Enfin, le dernier facteur est celui de la propagande diffusée en continu sur les réseaux sociaux à travers le monde. Grâce à celle-ci, les djihadistes propagent leurs idées de manière incontrôlable. Une communication qui a participé à l’accroissement de la puissance de Daesh par la création des corps de “combattants étrangers” dont le nombre s’est élevé jusqu’à 12 000 volontaires venus de 50 pays entre 2011 à 2014.
.
L’illusion d’une chute
En 2019, le monde assiste officiellement à la « chute de Daesh ». Pourtant, les attaques persistent à l’échelle régionale et internationale, avec les “cellules” de l’État islamique.
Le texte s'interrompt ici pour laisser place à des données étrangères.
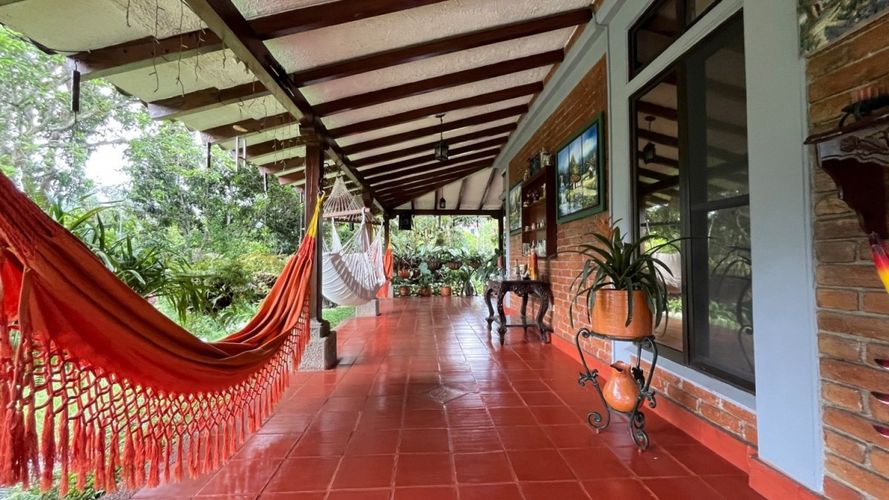 Casa de 4 alcobas en venta en La Buitrera, Cali, 450 m² · foto 7 de 18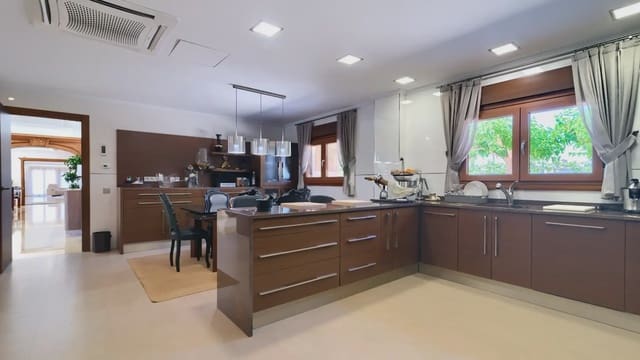 14 soveværelse Villa til salg i Burriana / Borriana med swimmingpool garage - € 1.800.000 (Ref: 10100665)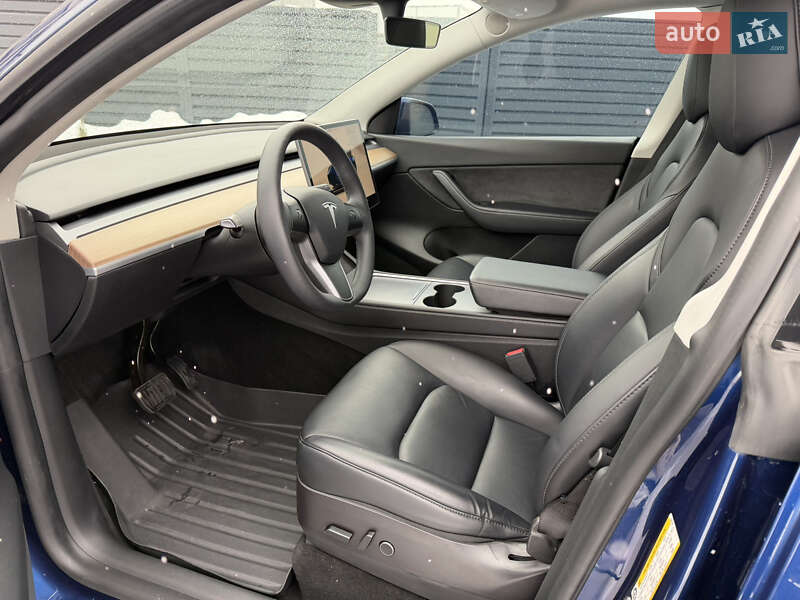 Внедорожник / Кроссовер Tesla Model Y 2022 в Ивано-Франковске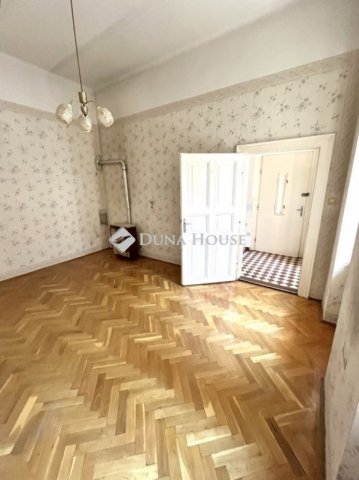 Eladó téglalakás, Budapesten, VIII. kerületben 34.49 M Ft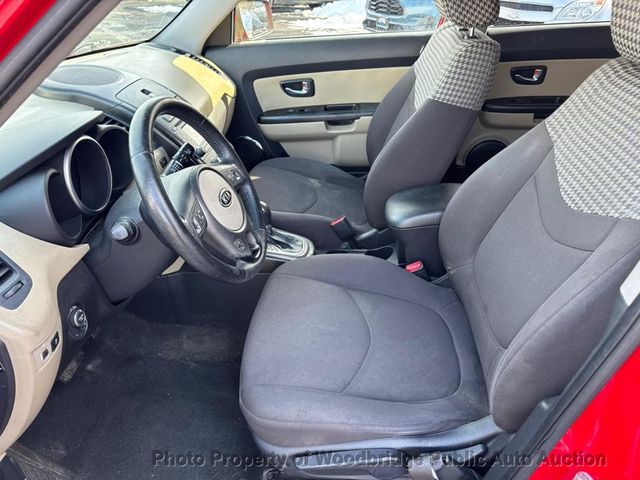 2012 Kia Soul GL - 22992249 - 4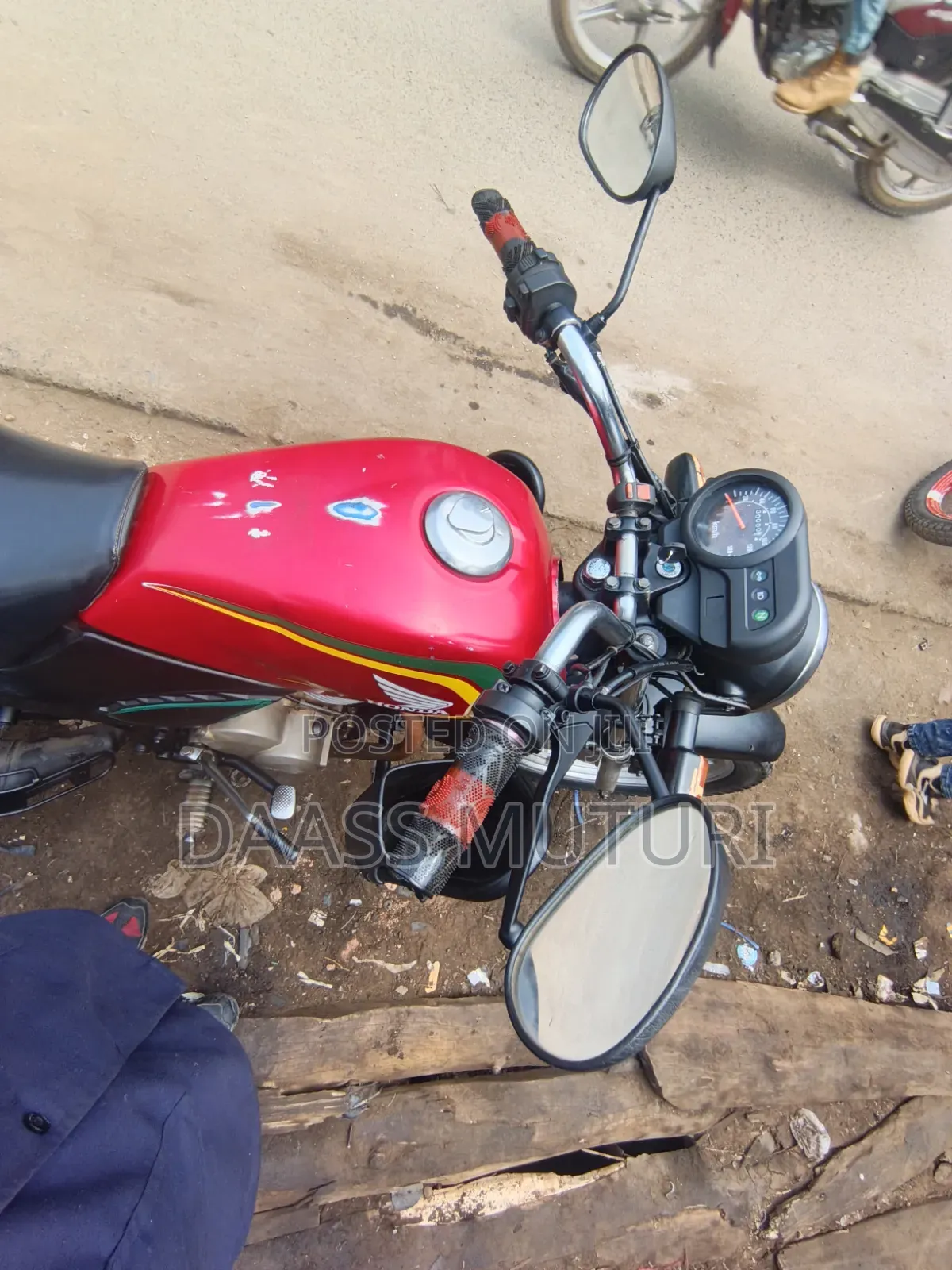 Honda CB 2022 Red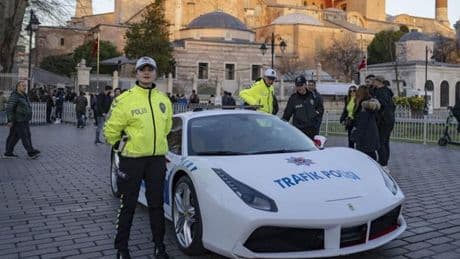 Ferrari, Bentley e Porsche: in Turchia la Polizia utilizza 23 supercar sequestrate ai criminali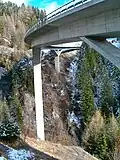 Pfeiler 2 und 3, gut sichtbar die Unterschiede der Betonfarbe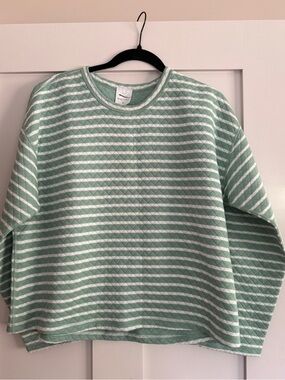 J. Crew NWOT Green and White Quilted Reversible Over Pullover - Women’s Size M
Si l’Irak et la Syrie ont officiellement vaincu Daesh, il n’en reste pas moins que les deux pays sont encore sujets à de nombreuses attaques. En février 2023, 53 personnes ont perdu la vie en Syrie lors d’une attaque revendiquée par Daesh. Les installations militaires syriennes sont fréquemment sujettes à des attaques de la part de l’EI. En Irak, la menace de l’organisation pèse toujours le pays, le groupe conserve sa capacité à s’y déployer et attaque principalement les forces kurdes, les installations militaires et pétrolières.
Daesh reste donc une menace très importante pour ces deux pays, mais aussi pour la région, notamment en Afghanistan, aujourd’hui aux mains des talibans. Ils sont régulièrement la cible de l’État islamique, avec l’attentat-suicide du 11 janvier 2023, faisant 5 morts ou encore celui de mai 2022 qui a coûté la vie à 12 personnes.
Mais comment Daesh peut-il continuer à être une menace ? Tout d’abord, il est important de se rappeler que l’État islamique dispose de ressources financières conséquentes. Selon un rapport du Centre de ressources pour la prévention des radicalités sociales, les djihadistes détiendraient 85 millions d’euros. Ce butin est le résultat des trafics, pétrole, tabac, esclavagisme, mais aussi des rançons perçues après les enlèvements couramment pratiqués par l’EI.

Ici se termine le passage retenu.